(ABOUT THIS EXERCISE):
For this exercise, copy exactly every line from the one holding "110 Grandmark St - Photo 3 of 23" through the end of the data, both included. Omit pictures.

Short web captions:
Content starts

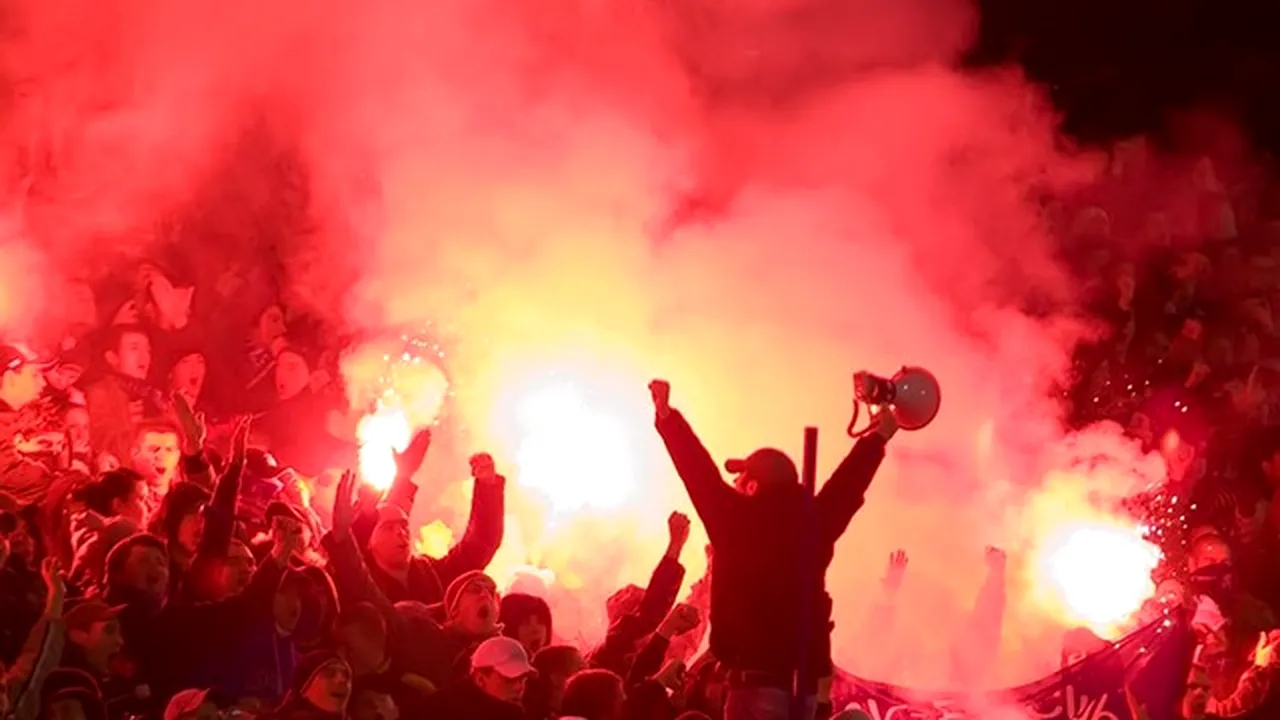 VIDEO | Pentru ultrașii algerieni, stadionul e prea mic! La ultimul meci au aprins torțele dintr-un bloc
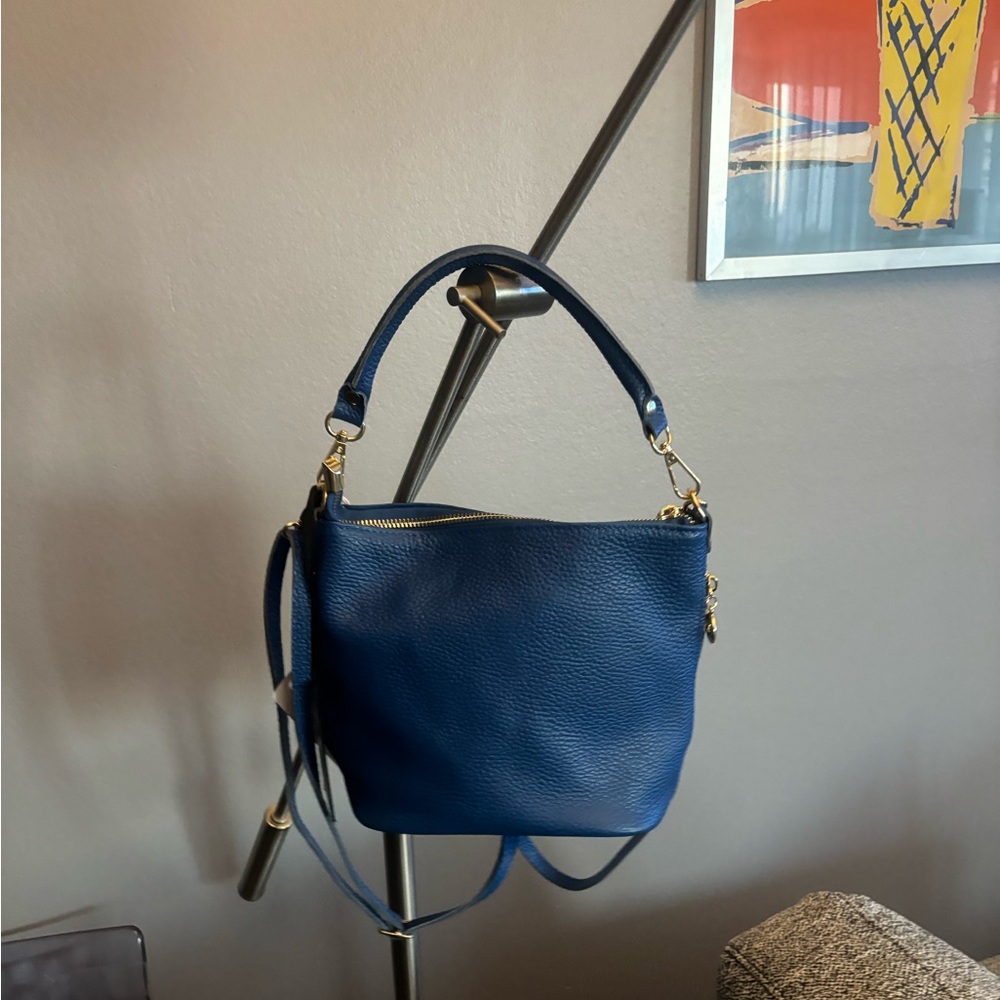 Laura di Maggio leather new blue crossbody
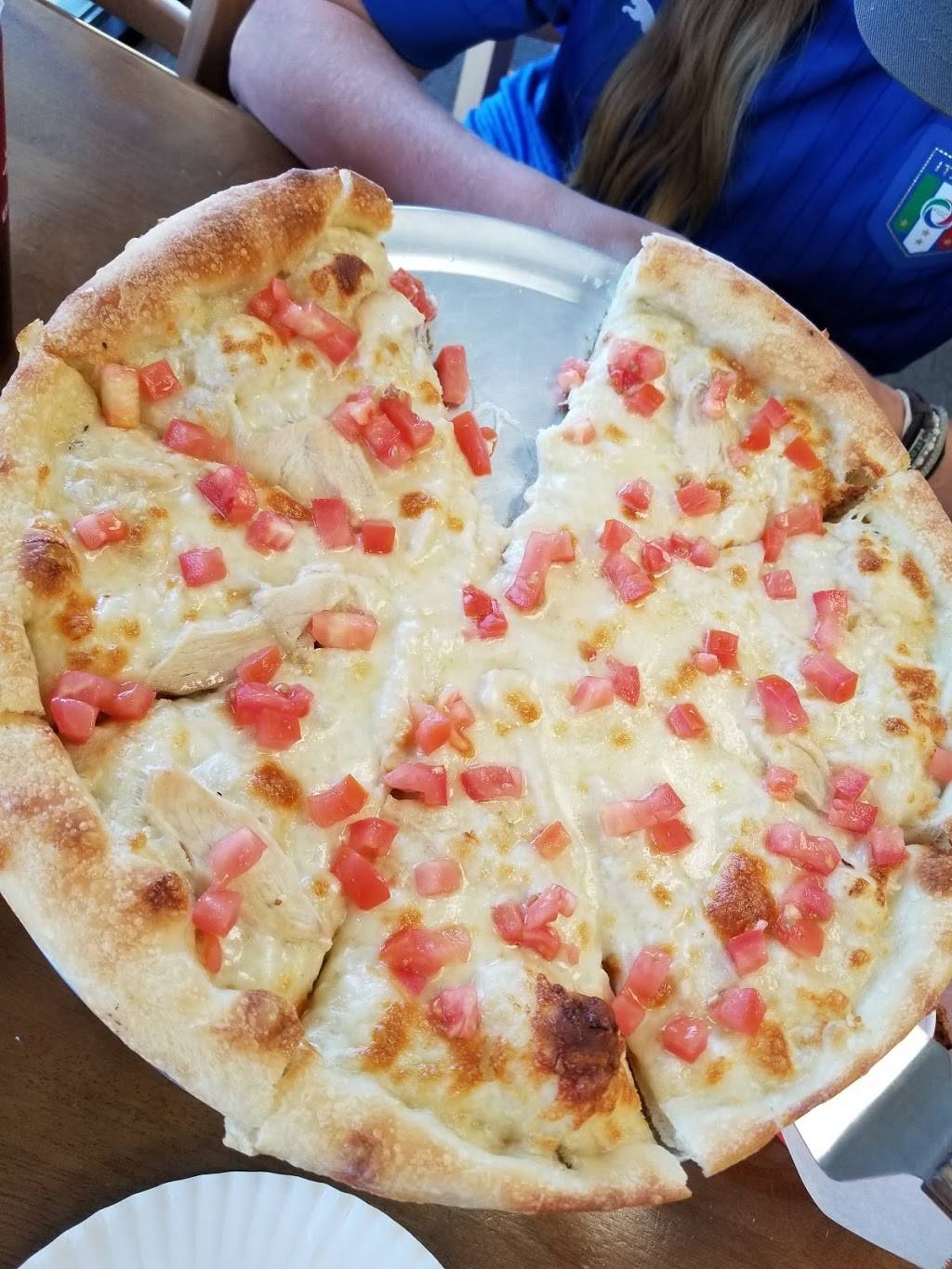 Black Forest Pies & Grinders | restaurant | 11470 Black Forest Rd, Colorado Springs, CO 80908, USA | 7194958555 OR +1 719-495-8555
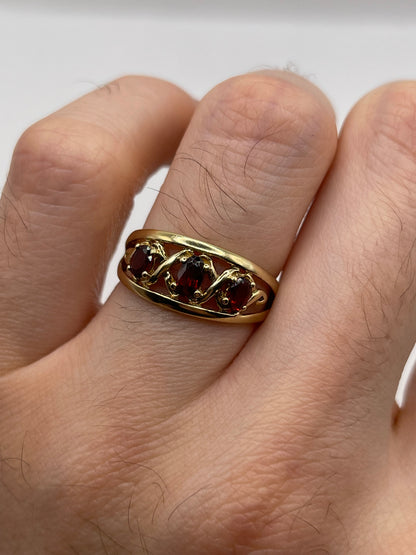 9ct gold garnet ring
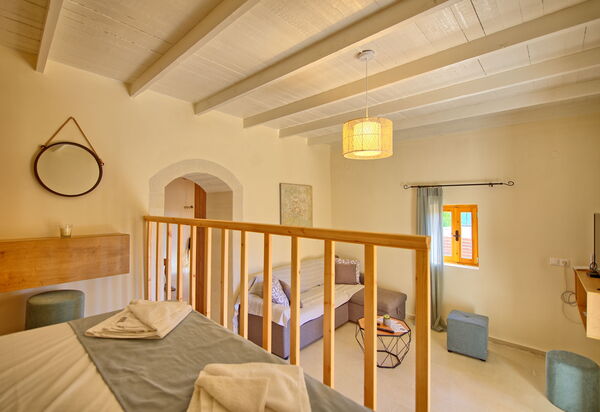 Villa Vicilla: Гостиная, Другая комната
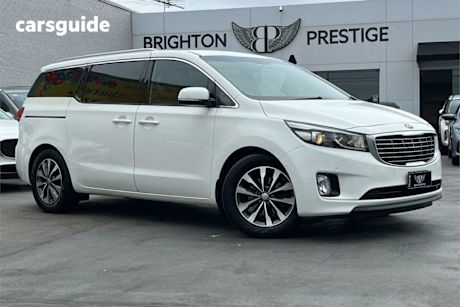 White 2015 Kia Carnival Wagon SLI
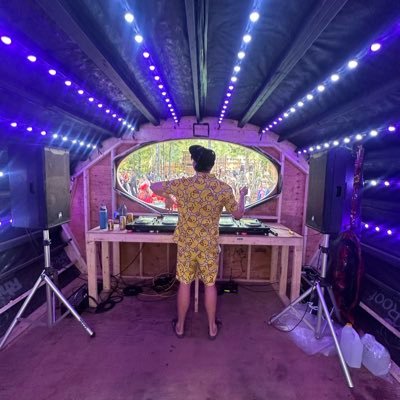 hottubdj's profile picture. 🇨🇦 Producer 🎸🎹✨ DJ 🎧 | Playlist Curator 🌴 Music + playlist submission 👇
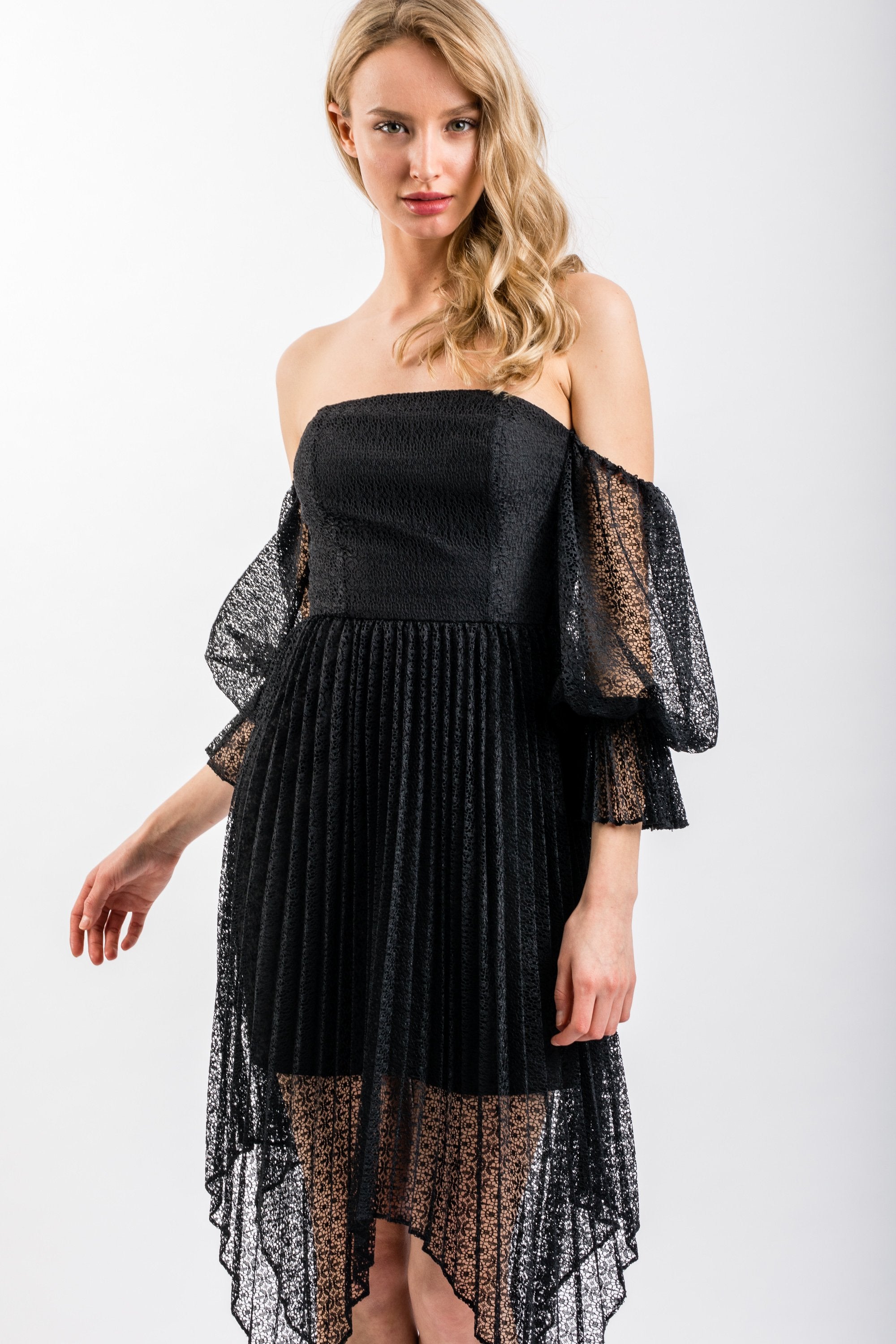 keepsake Ignite Dress Black - Room 29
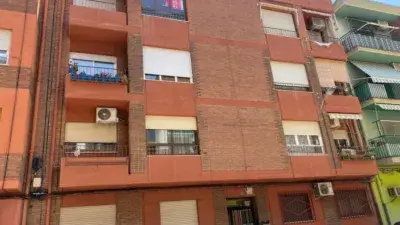 Piso en venta en Almansa 99m2 3 habitaciones terraza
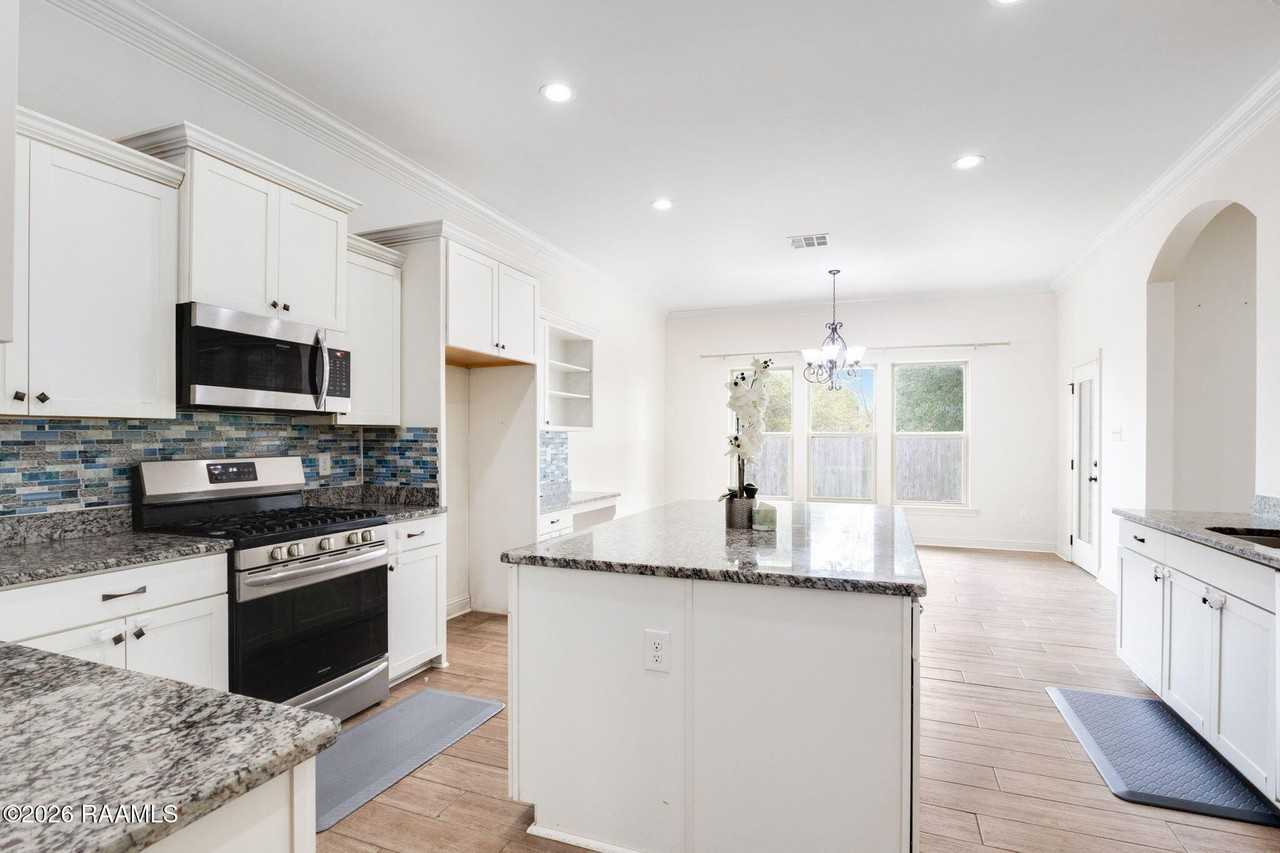 110 Grandmark St - Photo 3 of 23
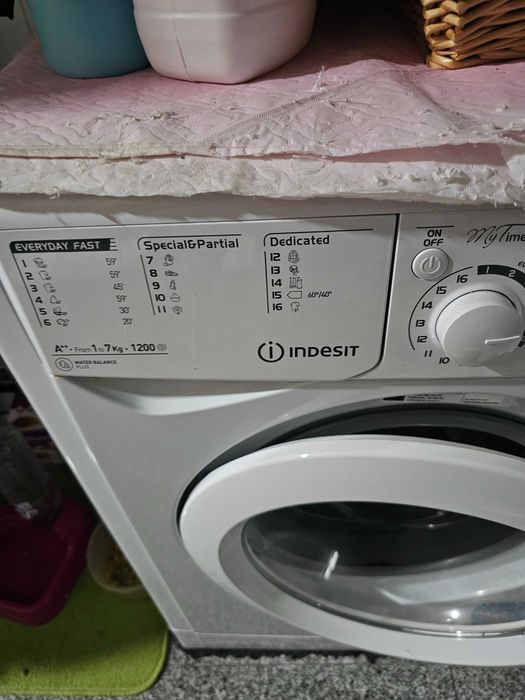 Máquina de lavar roupa Indesit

Content ends

(RESPONSE BELOW):
 110 Grandmark St - Photo 3 of 23
 Máquina de lavar roupa Indesit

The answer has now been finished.